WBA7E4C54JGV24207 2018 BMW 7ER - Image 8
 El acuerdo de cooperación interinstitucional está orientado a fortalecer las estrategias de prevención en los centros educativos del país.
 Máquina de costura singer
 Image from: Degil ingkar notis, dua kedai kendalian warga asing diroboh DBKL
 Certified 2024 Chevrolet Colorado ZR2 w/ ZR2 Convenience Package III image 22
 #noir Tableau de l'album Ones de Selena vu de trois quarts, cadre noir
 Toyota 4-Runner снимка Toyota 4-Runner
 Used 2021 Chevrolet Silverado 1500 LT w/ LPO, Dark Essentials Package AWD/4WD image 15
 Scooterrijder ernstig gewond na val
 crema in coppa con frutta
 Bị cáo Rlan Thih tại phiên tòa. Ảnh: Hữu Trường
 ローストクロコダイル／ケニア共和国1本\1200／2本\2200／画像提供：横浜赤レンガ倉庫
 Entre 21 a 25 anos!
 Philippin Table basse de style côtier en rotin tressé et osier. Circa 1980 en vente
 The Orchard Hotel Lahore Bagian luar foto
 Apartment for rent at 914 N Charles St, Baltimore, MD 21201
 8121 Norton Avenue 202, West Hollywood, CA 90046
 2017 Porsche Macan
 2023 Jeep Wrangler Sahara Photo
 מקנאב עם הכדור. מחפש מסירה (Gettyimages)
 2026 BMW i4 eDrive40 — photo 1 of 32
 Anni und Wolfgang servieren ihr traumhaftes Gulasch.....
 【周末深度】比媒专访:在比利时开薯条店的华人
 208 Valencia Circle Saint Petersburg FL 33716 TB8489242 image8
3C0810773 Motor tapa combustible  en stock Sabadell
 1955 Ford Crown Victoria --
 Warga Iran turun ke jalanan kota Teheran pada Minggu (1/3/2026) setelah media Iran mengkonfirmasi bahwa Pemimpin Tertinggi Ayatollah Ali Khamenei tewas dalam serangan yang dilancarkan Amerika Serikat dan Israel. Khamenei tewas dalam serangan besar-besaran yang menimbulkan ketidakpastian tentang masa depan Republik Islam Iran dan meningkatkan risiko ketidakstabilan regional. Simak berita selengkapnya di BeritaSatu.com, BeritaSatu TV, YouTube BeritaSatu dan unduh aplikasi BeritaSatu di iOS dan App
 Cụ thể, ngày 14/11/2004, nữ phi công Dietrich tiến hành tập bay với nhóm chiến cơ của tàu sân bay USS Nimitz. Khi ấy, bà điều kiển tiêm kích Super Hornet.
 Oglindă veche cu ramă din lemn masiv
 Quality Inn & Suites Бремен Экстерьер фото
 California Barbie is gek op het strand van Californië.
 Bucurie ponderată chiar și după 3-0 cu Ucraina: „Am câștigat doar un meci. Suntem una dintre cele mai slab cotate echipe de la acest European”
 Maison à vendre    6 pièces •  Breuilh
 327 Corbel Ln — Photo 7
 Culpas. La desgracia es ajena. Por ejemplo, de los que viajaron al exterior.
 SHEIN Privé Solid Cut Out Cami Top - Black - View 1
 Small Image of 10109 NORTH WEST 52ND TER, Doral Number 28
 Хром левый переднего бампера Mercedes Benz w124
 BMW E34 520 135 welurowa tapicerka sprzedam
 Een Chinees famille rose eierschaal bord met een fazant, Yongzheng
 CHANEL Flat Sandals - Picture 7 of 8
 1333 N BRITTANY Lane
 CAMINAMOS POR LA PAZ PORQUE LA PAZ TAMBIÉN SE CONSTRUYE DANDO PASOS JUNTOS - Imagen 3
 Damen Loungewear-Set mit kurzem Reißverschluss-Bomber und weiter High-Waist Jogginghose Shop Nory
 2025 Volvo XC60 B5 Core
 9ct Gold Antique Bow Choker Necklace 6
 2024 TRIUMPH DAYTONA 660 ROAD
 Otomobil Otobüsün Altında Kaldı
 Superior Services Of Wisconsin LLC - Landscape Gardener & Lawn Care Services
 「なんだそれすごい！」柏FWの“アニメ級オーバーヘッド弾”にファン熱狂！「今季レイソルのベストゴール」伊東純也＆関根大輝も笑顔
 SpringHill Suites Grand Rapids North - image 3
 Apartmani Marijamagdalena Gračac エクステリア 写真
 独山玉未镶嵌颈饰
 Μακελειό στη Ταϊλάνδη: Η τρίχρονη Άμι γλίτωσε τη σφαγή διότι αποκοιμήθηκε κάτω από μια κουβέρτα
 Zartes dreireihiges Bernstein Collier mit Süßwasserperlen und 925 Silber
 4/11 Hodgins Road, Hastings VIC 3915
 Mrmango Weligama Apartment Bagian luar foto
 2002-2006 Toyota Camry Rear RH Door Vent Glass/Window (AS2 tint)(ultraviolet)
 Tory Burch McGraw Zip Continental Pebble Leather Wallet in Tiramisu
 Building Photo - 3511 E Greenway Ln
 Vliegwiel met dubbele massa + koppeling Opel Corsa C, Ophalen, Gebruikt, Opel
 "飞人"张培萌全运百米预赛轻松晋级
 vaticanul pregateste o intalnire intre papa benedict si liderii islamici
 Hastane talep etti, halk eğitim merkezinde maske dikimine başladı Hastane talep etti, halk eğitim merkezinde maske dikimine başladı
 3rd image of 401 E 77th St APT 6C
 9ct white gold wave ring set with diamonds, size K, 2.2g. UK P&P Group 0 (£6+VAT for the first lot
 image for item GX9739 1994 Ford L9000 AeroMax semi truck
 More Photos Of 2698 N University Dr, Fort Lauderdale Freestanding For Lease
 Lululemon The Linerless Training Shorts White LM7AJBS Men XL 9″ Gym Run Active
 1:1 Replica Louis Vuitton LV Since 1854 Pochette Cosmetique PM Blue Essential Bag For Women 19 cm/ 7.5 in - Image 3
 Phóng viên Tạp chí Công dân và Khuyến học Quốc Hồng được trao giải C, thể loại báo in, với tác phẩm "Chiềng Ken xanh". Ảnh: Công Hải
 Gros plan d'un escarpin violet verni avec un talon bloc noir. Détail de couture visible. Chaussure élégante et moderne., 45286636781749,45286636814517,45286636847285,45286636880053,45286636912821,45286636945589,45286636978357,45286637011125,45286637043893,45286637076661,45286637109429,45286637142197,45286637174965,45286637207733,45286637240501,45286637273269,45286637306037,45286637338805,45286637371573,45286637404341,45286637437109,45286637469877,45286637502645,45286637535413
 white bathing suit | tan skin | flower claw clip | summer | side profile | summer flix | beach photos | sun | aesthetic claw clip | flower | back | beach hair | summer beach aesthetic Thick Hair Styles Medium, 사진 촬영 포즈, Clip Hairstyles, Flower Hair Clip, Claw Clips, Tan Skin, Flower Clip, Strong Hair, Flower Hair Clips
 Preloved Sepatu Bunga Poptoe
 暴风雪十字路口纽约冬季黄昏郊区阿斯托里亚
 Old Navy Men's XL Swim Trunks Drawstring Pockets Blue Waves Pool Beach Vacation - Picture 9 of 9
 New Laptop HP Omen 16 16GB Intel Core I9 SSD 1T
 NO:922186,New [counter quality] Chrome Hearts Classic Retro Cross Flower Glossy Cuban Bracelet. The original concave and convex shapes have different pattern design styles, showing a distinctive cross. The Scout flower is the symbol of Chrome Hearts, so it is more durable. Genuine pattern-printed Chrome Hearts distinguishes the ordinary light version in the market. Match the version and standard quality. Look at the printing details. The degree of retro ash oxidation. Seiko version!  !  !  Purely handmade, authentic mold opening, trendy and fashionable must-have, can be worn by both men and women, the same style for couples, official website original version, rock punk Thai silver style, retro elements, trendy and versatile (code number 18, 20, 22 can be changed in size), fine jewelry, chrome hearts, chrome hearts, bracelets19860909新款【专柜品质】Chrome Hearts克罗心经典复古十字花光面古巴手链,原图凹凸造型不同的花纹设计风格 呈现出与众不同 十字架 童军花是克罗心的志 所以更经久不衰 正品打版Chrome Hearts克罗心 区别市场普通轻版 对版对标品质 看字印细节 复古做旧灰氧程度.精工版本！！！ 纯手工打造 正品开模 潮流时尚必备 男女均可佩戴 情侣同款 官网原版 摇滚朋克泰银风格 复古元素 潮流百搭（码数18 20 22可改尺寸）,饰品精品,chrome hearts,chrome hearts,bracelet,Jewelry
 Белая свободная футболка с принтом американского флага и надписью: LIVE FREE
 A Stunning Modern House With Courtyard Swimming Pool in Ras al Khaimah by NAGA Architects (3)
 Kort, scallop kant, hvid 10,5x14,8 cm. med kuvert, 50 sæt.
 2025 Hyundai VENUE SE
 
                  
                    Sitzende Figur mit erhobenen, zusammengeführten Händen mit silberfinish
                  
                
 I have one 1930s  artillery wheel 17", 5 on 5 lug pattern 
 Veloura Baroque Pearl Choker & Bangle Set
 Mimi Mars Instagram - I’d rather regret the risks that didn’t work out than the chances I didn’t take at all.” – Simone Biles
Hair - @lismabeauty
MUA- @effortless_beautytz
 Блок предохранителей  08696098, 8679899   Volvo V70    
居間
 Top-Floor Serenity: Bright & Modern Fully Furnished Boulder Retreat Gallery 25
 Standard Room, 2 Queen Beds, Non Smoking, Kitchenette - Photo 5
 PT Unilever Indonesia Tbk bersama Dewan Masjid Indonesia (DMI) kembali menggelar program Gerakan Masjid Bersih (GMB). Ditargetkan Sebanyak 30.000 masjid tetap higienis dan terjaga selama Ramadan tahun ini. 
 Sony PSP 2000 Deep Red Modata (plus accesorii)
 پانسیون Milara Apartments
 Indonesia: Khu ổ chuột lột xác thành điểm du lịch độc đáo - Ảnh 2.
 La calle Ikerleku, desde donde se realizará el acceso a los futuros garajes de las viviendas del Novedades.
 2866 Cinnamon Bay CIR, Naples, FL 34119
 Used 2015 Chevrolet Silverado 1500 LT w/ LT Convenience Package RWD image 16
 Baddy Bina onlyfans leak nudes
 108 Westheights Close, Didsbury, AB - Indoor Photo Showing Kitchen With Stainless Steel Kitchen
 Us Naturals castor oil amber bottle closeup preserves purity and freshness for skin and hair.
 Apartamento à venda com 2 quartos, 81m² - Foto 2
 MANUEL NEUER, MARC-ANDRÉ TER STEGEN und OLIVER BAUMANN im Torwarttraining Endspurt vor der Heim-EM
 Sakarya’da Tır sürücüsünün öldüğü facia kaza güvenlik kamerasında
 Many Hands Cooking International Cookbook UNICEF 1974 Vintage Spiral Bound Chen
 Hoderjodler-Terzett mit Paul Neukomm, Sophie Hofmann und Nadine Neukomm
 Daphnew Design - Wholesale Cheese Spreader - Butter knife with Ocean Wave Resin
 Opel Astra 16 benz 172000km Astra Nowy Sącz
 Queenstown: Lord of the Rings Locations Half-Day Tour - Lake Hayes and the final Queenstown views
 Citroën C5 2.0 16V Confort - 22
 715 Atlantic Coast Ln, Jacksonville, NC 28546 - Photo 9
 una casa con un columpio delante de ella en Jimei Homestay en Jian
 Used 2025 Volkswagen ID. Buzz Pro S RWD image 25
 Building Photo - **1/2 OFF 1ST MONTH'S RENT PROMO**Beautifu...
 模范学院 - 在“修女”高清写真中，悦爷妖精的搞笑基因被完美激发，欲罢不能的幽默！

────────────────────────────────────────

Task requirements:
Your answer must consist solely of the lines above between the line holding "Veloura Baroque Pearl Choker & Bangle Set" and the line holding "Standard Room, 2", inclusive, copied exactly.

Exercise output:
 Veloura Baroque Pearl Choker & Bangle Set
 Mimi Mars Instagram - I’d rather regret the risks that didn’t work out than the chances I didn’t take at all.” – Simone Biles
Hair - @lismabeauty
MUA- @effortless_beautytz
 Блок предохранителей  08696098, 8679899   Volvo V70    
居間
 Top-Floor Serenity: Bright & Modern Fully Furnished Boulder Retreat Gallery 25
 Standard Room, 2 Queen Beds, Non Smoking, Kitchenette - Photo 5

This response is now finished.